Agora, por que razão isto acontece? Não sei. Mas uma das coisas que pode ajudar a impedir que aconteça é a crítica e a discussão aberta. Se os alunos daquela professora tivessem a liberdade de olhar criticamente para o que estavam a ouvir, os disparates não passariam todos como se nada fosse. Se a própria professora tivesse a liberdade de ser crítica, na sua dissertação de mestrado ou doutoramento, relativamente aos comentadores que era obrigada a ler, talvez os visse com outros olhos e ganhasse outra compreensão das coisas.

Transfira-se isto para o ensino secundário, por exemplo. Se quem faz os programas e os manuais não andasse só a copiar às cegas o que mal entende, com base nas ideias mal entendidas dos professores que os formaram, as coisas não seriam tão facilmente a choldra que são.

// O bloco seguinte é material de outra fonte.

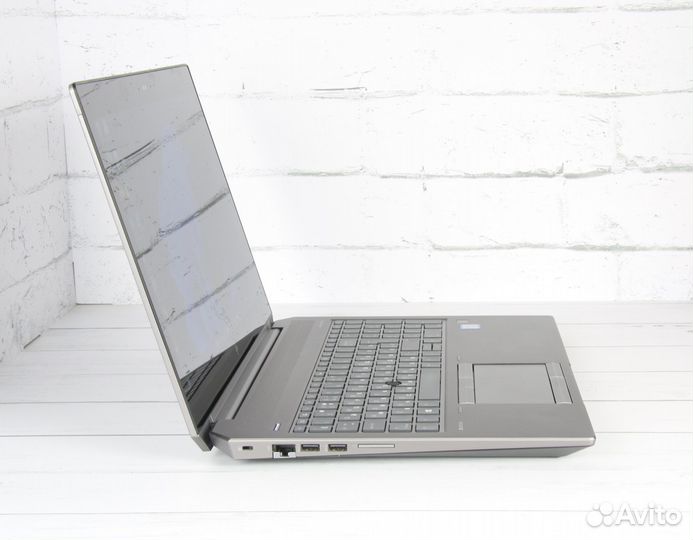 Zbook 15 G5 Xeon E-2176M/16/512/P2000/1920x1080 Се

Isto é o que eu penso, mas posso estar redondamente enganado.

Unknown disse...

Uma óptima ideia esta de escrever sobre Dewey. Autor incontornável, as suas ideias têm servido para sustentar práticas pedagógicas muito discutíveis. Para além de serem, em grande parte, deturpadas (como a Helena tão bem descreve no presente texto), é preciso notar que muitos estudos se fizeram depois de Dewey. Sem retirar uma linha à importância e genialidade deste autor, não nos podemos esquecer que viveu numa época anterior a muitos trabalhos desenvolvidos no âmbito da pedagogia e da psicologia e que nem sempre confirmaram as suas ideias. Gostaríamos de salientar, entre esses trabalhos, aqueles que, oriundos da psicologia cognitiva, nos revelam que a aprendizagem a partir de problemas (uma das grandes orientações curriculares actuais) é incompatível com as características da nossa memória. Dadas as limitações desta última, o confronto com situações complexas, como são os problemas, impede o tratamento da informação necessário à sua aquisição e recuperação posterior. Os problemas devem ser resolvidos depois do aluno ter adquirido os conhecimentos indespensáveis à sua resolução. Estar a organizar o ensino/aprendizagem de forma inversa, como prescrevem as actuais orientações pedagógicas e curriculares, pode ser um dos grandes obstáculos do projecto educativo que consiste, acima de tudo, em fazer com que todos aprendam e se desenvolvam.
Parabéns Helena pelo texto e pelo debate que pode suscitar.